Sample small batches of tuples N from the experience replay buffer in order to calculate the policy loss. SAC algorithm utilizes maximum entropy reinforcement learning, with the policy loss function which can be expressed as

$$\begin{aligned} L(\theta _a )=&\frac{1}{N} {\textstyle \sum \limits _{n=1}^{N}}[\alpha '\hbox {log}\pi (a_n|s_n;\theta _a ) -\min _{i=1,2}Q_i (s_n,a_n;\theta _{ci}) ]. \end{aligned}$$
(18)

where \(\theta _a\) and \(\theta _{ci}\) correspond to the actor network parameters and critic network parameters, respectively. Additionally, \(\alpha '\) represents the temperature parameter used to control exploration.
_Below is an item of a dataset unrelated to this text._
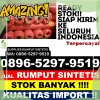 Jual Rumput Sintetis Temayang.jpg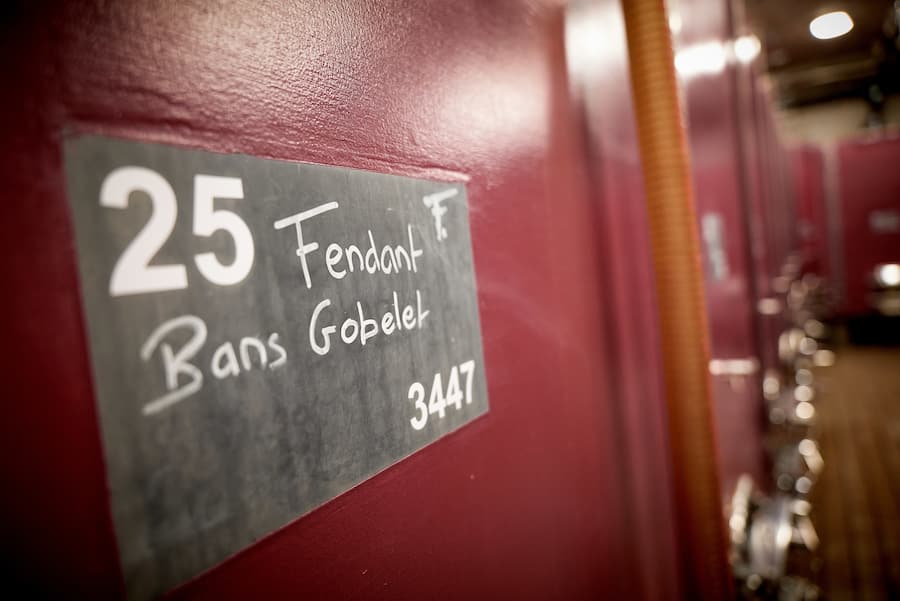 Martigny, le 6 février 2025, Sarah Besse du domaine Gérald Besse nous fait découvrir sa cave et sa vision du vin  © sedrik nemeth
And the above equation includes a minimization operation designed to address the issue of network overestimation.

The target Q value for any tuple n sampled from the experience replay buffer can be expressed as

$$\begin{aligned} y_n =&\, r_n+\gamma [\min _{i=1,2}Q_i(s_{n+1},a_{n+1};\theta _{ci}^t) \nonumber \\&-\alpha ' \log \pi (a_{n+1}|s_{n+1};\theta _{a})], \end{aligned}$$
(19)

where \(\gamma\) represents the discount factor (\(\gamma \in (0,1)\)). Furthermore, \(\theta _{ci}^t\) represents the parameters of the target critic network. By comparing the estimated Q values generated by the current policy with the target Q values, the loss function provides a signal to guide policy improvement for the system to achieve higher rewards. The loss function can be given as:

$$\begin{aligned} L(\theta _{ci}^t)=\frac{1}{N} {\textstyle \sum \limits _{n=1}^{N}}(y_n-Q(s_n,a_n;\theta _{ci}))^2, \end{aligned}$$
(20)

In summary, the algorithm starts with the initialization of neural network parameters for both DDQN and SAC. Next, the UAV-assisted broadband cognitive radio network is taken as input, and the generated actions are applied to the environment, resulting in rewards and the next state. These experiences are stored as tuples in the experience replay buffer. After accumulating a certain number of tuples in the replay buffer, small batches of tuples are randomly sampled. Formulas (16) and (18) are then used to calculate the loss function for updating the value network parameters. In the case of the SAC algorithm, KL divergence is calculated using Formula (17) and the actor network parameters are updated. Detailed steps of the DDQN-SAC algorithm are provided in Algorithm 1, outlining the specific optimization process.

Algorithm 1
figure a

Optimization of UAV-assisted wideband cognitive radio network based on DDQN-SAC.

4 Simulation results

In this section, we present simulation results to assess the performance of the UAV-assisted wideband cognitive radio system proposed in this study. The simulation experiments were conducted on a simulation platform using Python 3.9 and PyTorch 1.10.2. The simulation parameters were configured based on references [11, 15].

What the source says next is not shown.